Content starts
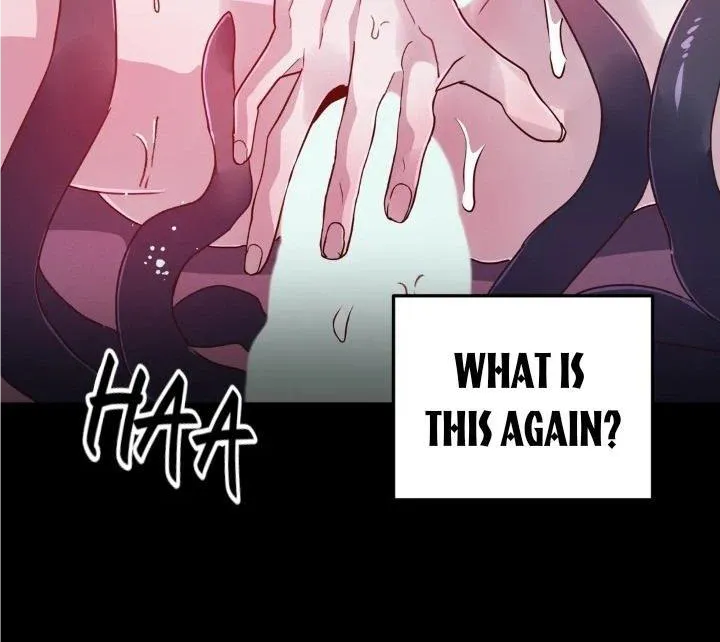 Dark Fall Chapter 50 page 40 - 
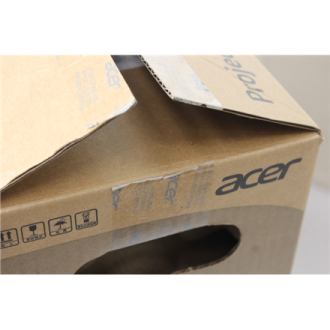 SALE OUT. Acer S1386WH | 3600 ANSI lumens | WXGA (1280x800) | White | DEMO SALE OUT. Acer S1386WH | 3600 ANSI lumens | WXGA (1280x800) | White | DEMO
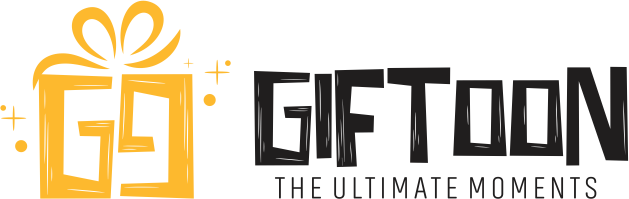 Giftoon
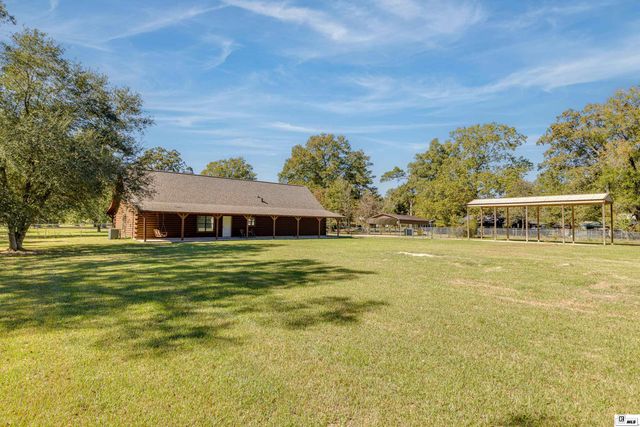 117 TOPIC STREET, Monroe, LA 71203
Content ends
Content starts
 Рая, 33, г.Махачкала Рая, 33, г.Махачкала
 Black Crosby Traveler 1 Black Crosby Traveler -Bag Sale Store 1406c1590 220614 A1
Content ends
Content starts
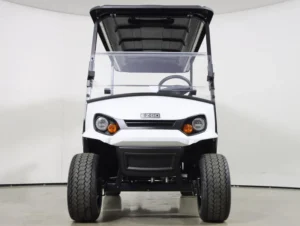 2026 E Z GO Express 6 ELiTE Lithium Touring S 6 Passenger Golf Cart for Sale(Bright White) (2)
Content ends
▶ **What this task involves**:
From the listing above, repeat exactly the lines starting at the line that includes "Рая, 33, г.Махачкала Рая, 33, г.Махачкала" and ending at the line that includes "Black Crosby Traveler 1", with nothing outside that span.

▶ **Task response**:
 Рая, 33, г.Махачкала Рая, 33, г.Махачкала
 Black Crosby Traveler 1 Black Crosby Traveler -Bag Sale Store 1406c1590 220614 A1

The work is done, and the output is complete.